If you want answers, you go to the experts. Except for Morganna the Kissing Bandit, Gaston may be the most famous person to run uninvited onto a baseball field.

Remember Henry Aaron’s 715th home run? Gaston was one of the two guys in bellbottoms who appeared out of nowhere as Aaron rounded second base.

Gaston and Cliff Courtney patted Aaron on the back, then fled into the stands. They ended up paying $100 in fines and were given suspended sentences, partly because Aaron didn’t push the case.

He realized they were just two 17-year-olds who meant no harm. That doesn’t excuse what they did, but it sure makes it different than today.

“What they’re doing now is stupid,” Gaston said. “There is no point to it.”

It’s one thing to run around the field seeking attention. You make a spectacle/fool of yourself, get arrested and life goes on. But what was that idiot thinking when he jumped first base umpire Laz Diaz?

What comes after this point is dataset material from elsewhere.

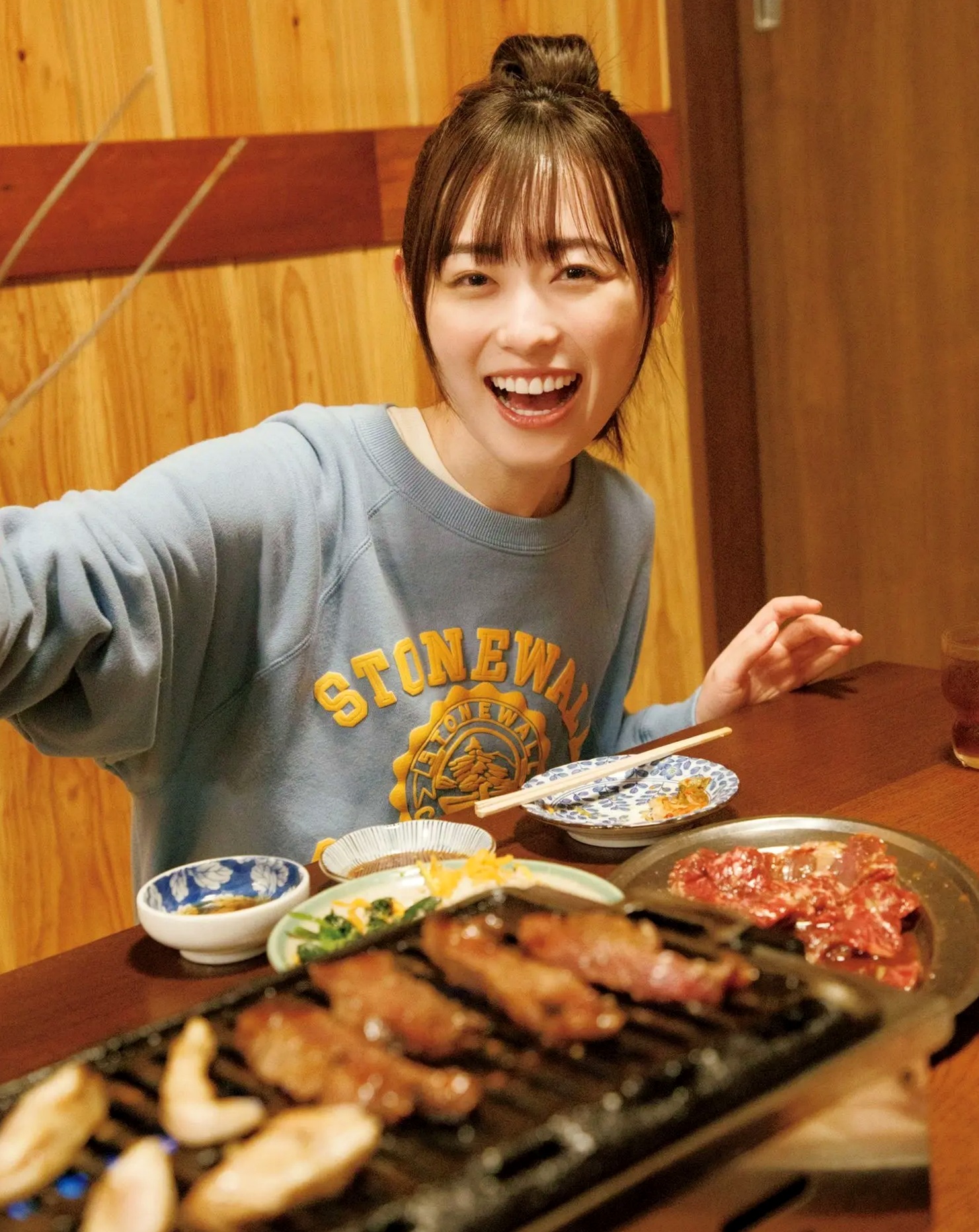福原遥《gift》写真:日系清新治愈系户外草地泳池美照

“I know! I’ll tackle the guy, tell him he blew that call in the third inning, evade a couple dozen players and scores of cops, then hop the train back to Moline.”

It was almost as inexplicable as last year’s episode in Chicago when William Ligue and his 15-year-old son stole the show at Dysfunctional Family Night when they attacked Kansas City Royals first base coach Tom Gamboa.

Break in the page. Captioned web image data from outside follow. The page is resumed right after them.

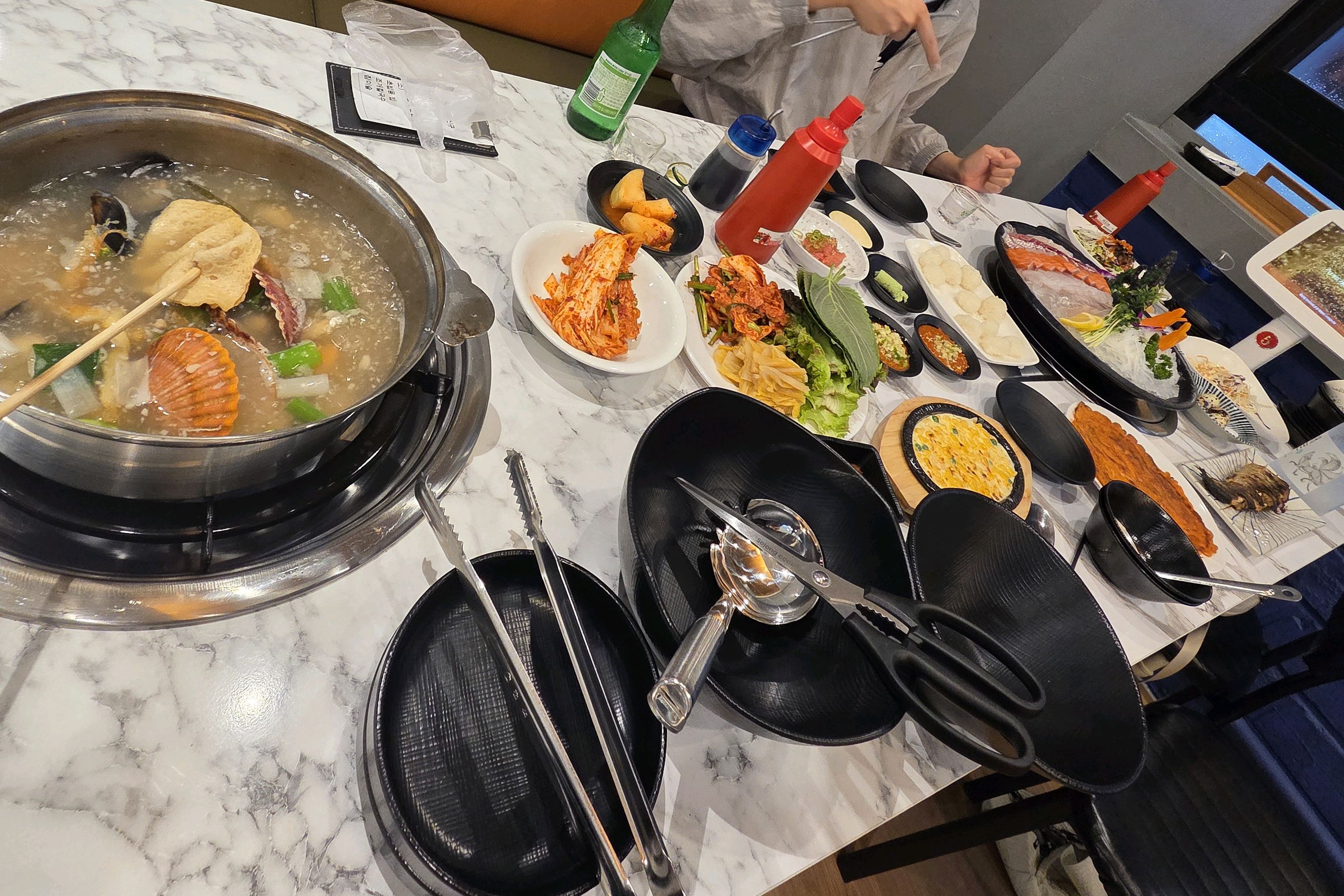 셀프바에 김치전도셀프로 할수있고, 밑반찬도 많이나와요 - 구월동 맛집 동해어장 인천구월점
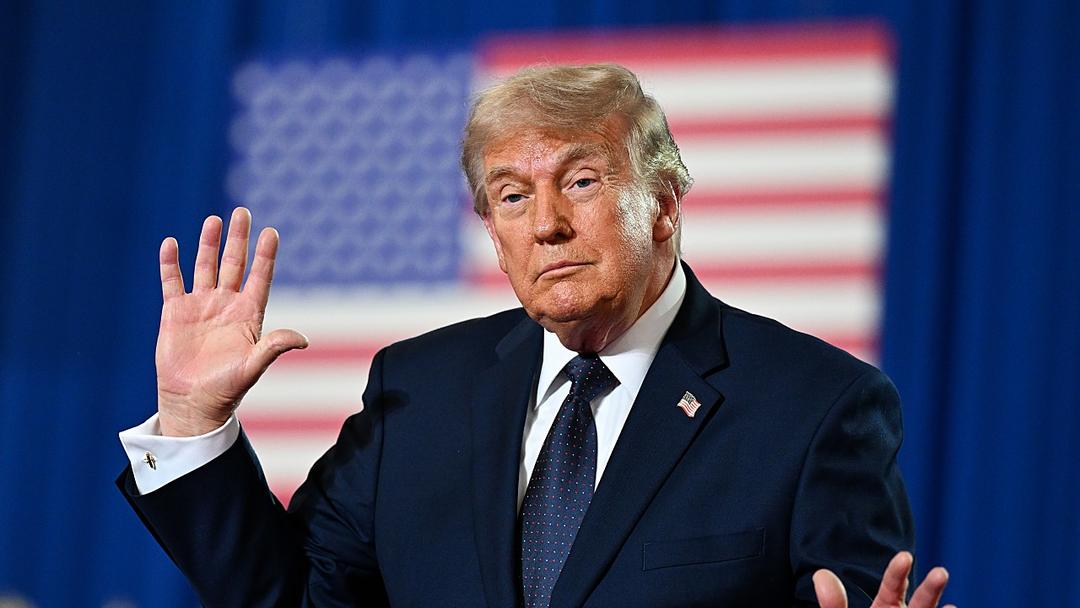 Ex-Judges Seek Probe of Trump's $1.8B IRS Settlement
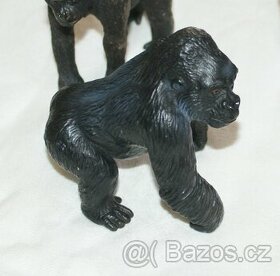 40.Z Gorila zn. Schleich v hezkém sbírkovém stavu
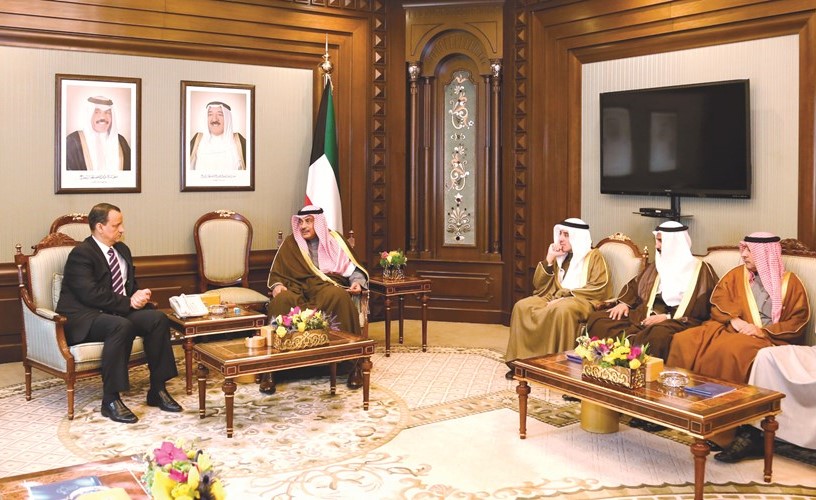 الشيخ صباح الخالد مستقبلا اسماعيل ولد الشيخ ﻿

The White Sox stress that Ligue and the others aren’t typical fans. With a full moon out, three other guys also barged onto the field Tuesday night. None turned out to be rabid, but you sure hope the security chief at U.S. Cellular Field never gets a job with the president’s Secret Service detail.

It makes you long for football, where idiots enter at their own risk. That guy Baltimore’s Mike Curtis waylaid 32 years ago probably still is seeing tweety-birds. Short of digging moats, a la Euro soccer, what can baseball do?

“We did it in fun,” said Gaston, now a businessman in Isle of Palm, S.C. “The other big thing was we were sober.”

Getting rid of beer sales is an easy lesson to take from Tuesday night, but Mo Vaughn will lead the league in stolen bases before that happens. Even if the stands were full of devout Mormons and every crasher was thrown in jail for a year, it only takes one nutcase to do the unthinkable.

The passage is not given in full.